Но однажды Анзор сказал: "Ты девке в киоске два зуба выбил? И все бабки снял. Так? Тебя вычислили. Заявление в ментовке лежит. А это бандитизм. Так что рви когти!"
Алик побежал домой, возле подъезда долго стоял, смотрел, нет ли милицейской засады. На цыпочках прошел домой, коротко нажал на кнопку звонка, ушел в тень коридора. Открыла мать. "Кто дома?" - спросил он. "Никого", - оторопело ответила мама. "На меня наезжают!" - сказал Алик и отвернулся, чтобы мать не видела нахлынувшую слезу. "Как наезжают?" - не поняла мать. "Преступники! Кто-то сказал им, что я получаю много денег, и они сказали, чтоб я шустро принес им тысячу долларов".
Мама встала, отбросила седую прядь со лба. Подошла к окну.
"Ты что-то недоговариваешь, Алик..."
"Мама, клянусь твоим здоровьем, все так сказал, как было".
"Надо обратиться в милицию".
"Мама, о чем ты! Они скажут: эй, черные, разбирайтесь сами!"
Мать долго молчала, потом сказала: "Ты должен уехать. Поедешь к своему дяде Ашоту. Брат твоего отца должен тебя принять. Поживешь у него, а потом видно будет". Мать русская, с отцом Алика уже давно развелась. От него осталась только фамилия Гогурян и смутные воспоминания.
Мать взяла дорожную сумку, бросилась собирать вещи, продукты на дорогу. В целлофановый пакет положила банку брусничного и банку малинового варенья - в подарок родственникам.
По рыхлому снегу они прошли к остановке, сели на троллейбус, доехали до вокзала. И вовремя: через десять минут после их ухода в дверь квартиры уже настойчиво звонил участковый с двумя сержантами. Пришли они еще через час, долго и безрезультатно звонили.

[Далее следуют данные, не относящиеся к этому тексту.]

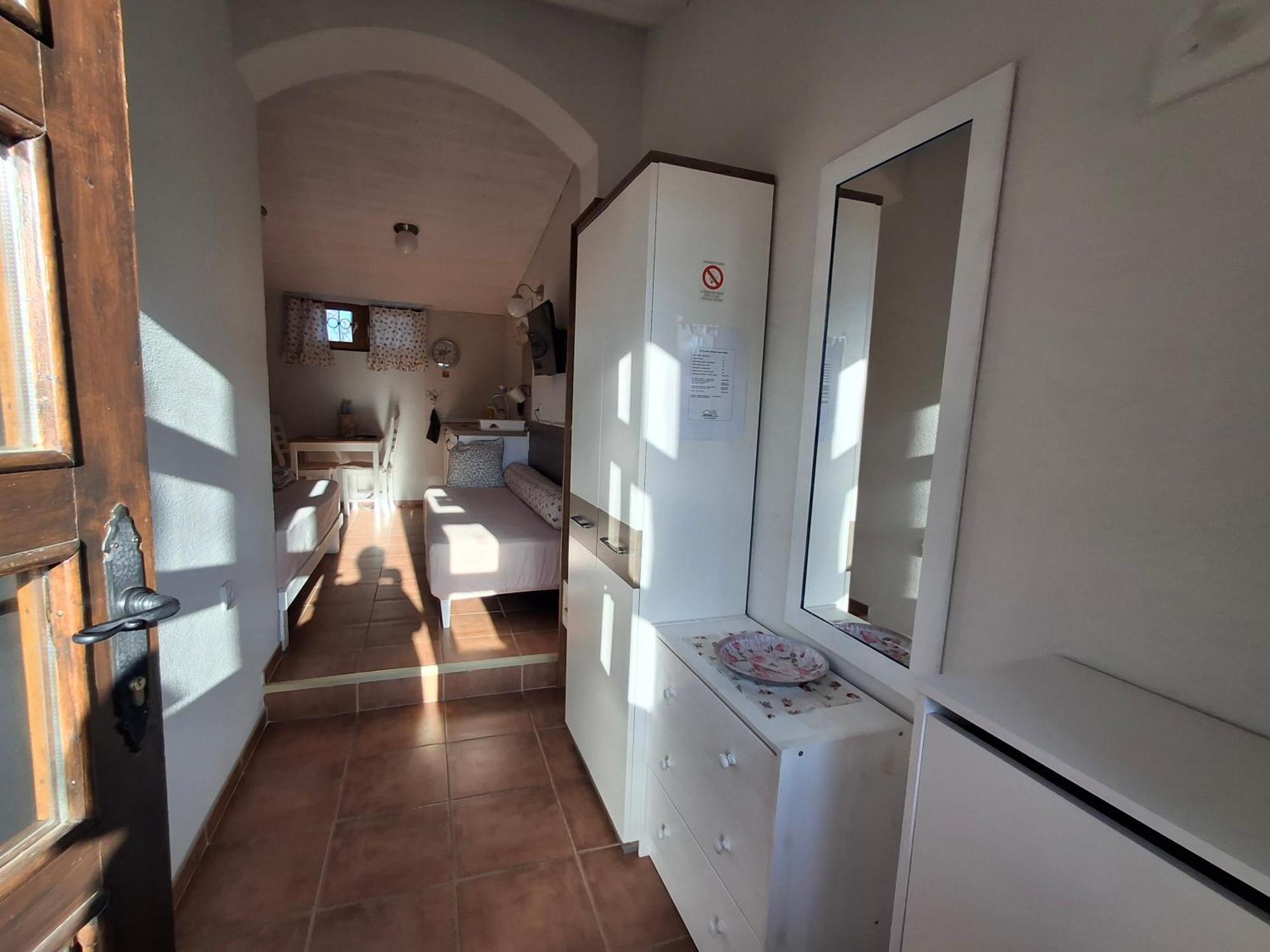 Villa Seosko Turisticko Domacinstvo Imunsan Ni Exterior foto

Мать на последние деньги купила сыну билет до Волгограда, дала еще три сотни на дорогу до Тбилиси, поцеловала на прощание холодные щеки сына, с ужасом не увидев - ощутив мертвенную бледность Алика. "Все о'кей, мама! - сказал небрежно сын. - Как бы не сдохнуть там от тоски!" - "Что ты говоришь такое, Алик! Молчал бы! Изорвал мое сердце. Я Ашоту телеграмму пошлю, а ты вот записку от меня передай. И смотри не влезай ни в какие истории. Я ведь знаю, что ни в какой фирме ты не работал. А друзья твои до тюрьмы доведут!"
Алик вошел в вагон, сел на плацкартную койку, напротив сидела женщина с младенцем. Она достала из объемной сумки бутылочку с соской, дала ребенку. Тот сразу схватил крошечными ручонками, жадно присосался. Алик поморщился: плотоядное чмоканье его раздражало. Поезд тронулся, но он даже не выглянул в окно, хотя знал, что мать стоит и мерзнет на перроне. Его раздражала эта опека.
В Тбилиси он добрался на пятые сутки. На автовокзале купил билет до Ахалкалаки. Именно в этом дальнем городке у границы с Турцией жил с семьей его "любимейший" дядя Ашот, которого Алик никогда в жизни не видел, и если бы не обстоятельства, то никогда бы не увидел. Ему тысячу лет не нужны были эти многочисленные тетушки и дядюшки с сопливым потомством.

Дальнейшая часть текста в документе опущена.